Support and Survival of the Arts in Jersey City

Posted by MartinM on 2017/5/16 6:53:44
I attended New Jersey City University's Arts and Culture Breakfast Symposium on last Thursday morning with a wide array of artists and arts leaders representing arts groups from all over Jersey City and representing all different media in the arts. It is encouraging that NJCU is playing the role of a facilitator of communication.

Unfortunately, I was dismayed and frustrated by the lack of awareness, inability to articulate, and tone deaf comments by the government officials in attendance. No personal offense intended - but the arts are a highly sophisticated and educated field that requires individuals who possess knowledge, contacts, and education in the areas of arts and non-profit management. Beyond the individuals on the panel with specific experience in arts management, I heard nothing but more platitudes about Jersey City's "great arts scene". One official, at a loss for describing his familiarity with Jersey City arts, spoke about his passion for karaoke. Another seemed to be swimming in gibberish, incomprehensible to anyone in the room. A third trotted out the same tried and true excuse: we are fixing everything the prior administration did wrong. (Isn't there a statute of limitation on that one?) None appeared to have a grasp of the challenges facing arts and arts groups in Jersey City nor ideas for remedying the crisis that arts in Jersey City are facing. Are these officials aware that there is not one arts organization in Jersey City with even marginally adequate funding for operations in spite of our location in the most economically active region in the state?

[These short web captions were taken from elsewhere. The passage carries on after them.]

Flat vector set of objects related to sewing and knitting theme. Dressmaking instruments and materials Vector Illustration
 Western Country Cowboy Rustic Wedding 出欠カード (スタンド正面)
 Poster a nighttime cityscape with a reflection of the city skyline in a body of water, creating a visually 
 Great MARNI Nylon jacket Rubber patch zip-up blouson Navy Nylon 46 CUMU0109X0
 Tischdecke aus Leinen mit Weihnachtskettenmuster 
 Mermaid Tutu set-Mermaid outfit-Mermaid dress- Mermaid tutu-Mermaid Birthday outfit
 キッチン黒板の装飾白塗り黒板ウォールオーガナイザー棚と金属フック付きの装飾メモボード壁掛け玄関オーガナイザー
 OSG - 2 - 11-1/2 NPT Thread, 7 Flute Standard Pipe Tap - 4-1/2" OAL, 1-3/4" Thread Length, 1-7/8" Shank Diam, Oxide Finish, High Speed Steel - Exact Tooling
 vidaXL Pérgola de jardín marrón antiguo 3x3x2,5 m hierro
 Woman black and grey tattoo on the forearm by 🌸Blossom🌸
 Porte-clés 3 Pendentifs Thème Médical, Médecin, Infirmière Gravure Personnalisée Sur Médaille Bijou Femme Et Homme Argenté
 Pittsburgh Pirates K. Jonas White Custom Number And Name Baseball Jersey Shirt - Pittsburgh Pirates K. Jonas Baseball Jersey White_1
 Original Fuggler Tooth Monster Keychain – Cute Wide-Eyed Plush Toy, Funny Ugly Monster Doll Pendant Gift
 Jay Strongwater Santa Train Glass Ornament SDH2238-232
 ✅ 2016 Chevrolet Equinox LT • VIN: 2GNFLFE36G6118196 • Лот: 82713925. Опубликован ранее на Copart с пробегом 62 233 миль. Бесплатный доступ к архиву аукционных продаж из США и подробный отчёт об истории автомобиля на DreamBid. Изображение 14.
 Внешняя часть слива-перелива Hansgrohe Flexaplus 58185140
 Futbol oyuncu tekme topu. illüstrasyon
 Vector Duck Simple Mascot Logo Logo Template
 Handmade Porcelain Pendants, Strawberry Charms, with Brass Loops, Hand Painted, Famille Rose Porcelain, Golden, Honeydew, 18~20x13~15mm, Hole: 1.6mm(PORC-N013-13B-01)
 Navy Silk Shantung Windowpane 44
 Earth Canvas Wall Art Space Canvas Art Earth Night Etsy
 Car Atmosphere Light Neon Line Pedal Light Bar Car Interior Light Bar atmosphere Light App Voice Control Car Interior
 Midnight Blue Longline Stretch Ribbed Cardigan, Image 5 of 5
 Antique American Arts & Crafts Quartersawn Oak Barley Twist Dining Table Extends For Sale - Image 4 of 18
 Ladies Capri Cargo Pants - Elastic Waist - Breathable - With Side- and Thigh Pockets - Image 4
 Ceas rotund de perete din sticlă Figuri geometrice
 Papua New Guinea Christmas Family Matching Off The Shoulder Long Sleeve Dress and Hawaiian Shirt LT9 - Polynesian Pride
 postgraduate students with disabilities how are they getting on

Last week's meeting conveyed no confidence that the city possesses the will, awareness, or expertise to address the underlying issues of: negligible arts funding, lack of professional arts performance/exhibition space, inclusion of arts in city planning decisions, enforcement of arts provisions in zoning and other ordinances. At today's panel discussion the tension in the room between the official "party line" about support for the arts - and the reality that Jersey City arts groups face in Jersey City - was so thick you could have cut it with a knife.

I hope local government will prove me wrong about their commitment to the arts. Or perhaps these pols, in their campaign year calculations, will decide that providing real policy and leadership in the arts is not as cheap and easy as highly publicized window dressing: murals, public arts events barely discernible from poltical rallies paid for by the tax payers but with the mayor's face front and center.